Data items

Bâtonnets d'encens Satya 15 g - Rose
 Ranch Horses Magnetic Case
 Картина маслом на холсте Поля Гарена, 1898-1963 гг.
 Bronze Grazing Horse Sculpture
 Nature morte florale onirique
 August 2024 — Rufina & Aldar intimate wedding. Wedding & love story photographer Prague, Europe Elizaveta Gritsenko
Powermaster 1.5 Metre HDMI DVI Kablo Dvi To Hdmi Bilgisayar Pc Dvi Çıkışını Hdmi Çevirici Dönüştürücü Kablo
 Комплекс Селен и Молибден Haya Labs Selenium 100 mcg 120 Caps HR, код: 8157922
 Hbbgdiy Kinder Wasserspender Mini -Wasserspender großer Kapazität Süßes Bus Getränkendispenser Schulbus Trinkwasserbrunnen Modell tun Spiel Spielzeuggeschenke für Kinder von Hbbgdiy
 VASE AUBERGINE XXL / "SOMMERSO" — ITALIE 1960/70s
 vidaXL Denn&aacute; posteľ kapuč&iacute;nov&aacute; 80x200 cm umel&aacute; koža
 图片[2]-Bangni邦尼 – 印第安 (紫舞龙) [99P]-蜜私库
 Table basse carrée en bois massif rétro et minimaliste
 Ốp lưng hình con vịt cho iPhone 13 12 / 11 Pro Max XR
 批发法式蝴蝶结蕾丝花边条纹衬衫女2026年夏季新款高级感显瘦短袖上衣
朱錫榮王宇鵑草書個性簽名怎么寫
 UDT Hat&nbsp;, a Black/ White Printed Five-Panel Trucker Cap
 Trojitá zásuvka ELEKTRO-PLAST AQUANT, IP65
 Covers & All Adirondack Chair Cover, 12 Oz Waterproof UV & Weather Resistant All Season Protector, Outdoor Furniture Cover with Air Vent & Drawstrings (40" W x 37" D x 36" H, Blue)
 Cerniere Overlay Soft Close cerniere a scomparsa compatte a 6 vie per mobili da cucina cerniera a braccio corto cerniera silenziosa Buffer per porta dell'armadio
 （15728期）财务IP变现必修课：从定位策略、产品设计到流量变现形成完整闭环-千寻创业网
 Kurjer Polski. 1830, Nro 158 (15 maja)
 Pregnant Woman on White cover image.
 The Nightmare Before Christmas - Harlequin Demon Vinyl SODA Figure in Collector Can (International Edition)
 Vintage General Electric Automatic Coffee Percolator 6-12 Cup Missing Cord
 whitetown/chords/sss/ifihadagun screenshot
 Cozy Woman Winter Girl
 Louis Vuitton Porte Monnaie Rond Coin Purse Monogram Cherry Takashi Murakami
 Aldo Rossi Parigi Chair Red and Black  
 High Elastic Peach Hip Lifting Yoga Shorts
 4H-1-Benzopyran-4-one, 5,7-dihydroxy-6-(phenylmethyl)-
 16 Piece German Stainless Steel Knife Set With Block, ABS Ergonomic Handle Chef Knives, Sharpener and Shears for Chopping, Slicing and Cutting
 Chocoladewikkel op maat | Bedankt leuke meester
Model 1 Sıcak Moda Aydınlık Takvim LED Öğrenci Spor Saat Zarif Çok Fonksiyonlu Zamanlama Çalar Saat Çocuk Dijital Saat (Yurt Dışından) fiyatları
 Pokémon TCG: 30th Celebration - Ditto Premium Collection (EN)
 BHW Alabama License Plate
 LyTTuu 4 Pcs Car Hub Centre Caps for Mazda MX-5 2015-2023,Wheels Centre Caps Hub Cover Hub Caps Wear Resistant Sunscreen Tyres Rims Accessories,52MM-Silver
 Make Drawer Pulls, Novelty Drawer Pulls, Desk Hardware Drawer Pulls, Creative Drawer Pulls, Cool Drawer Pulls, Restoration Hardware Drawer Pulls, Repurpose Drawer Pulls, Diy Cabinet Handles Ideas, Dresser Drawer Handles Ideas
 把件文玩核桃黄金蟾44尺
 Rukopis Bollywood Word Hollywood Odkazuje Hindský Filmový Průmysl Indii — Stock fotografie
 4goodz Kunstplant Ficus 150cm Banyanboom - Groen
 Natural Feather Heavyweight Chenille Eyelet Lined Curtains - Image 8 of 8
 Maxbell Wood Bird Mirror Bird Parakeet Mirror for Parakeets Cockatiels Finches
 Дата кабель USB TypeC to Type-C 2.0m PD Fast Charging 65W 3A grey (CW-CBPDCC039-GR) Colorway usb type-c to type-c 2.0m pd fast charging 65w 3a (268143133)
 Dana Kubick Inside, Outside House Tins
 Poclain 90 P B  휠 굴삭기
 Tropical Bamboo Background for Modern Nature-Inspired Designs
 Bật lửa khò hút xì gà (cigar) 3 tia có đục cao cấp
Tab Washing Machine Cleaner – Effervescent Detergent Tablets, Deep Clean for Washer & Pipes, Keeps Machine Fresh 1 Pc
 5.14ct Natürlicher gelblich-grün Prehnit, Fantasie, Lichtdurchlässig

- _The task_
Where a line in the records above contains the string "Nature", copy that line.

- _Answer for the task_
 Nature morte florale onirique
 Tropical Bamboo Background for Modern Nature-Inspired Designs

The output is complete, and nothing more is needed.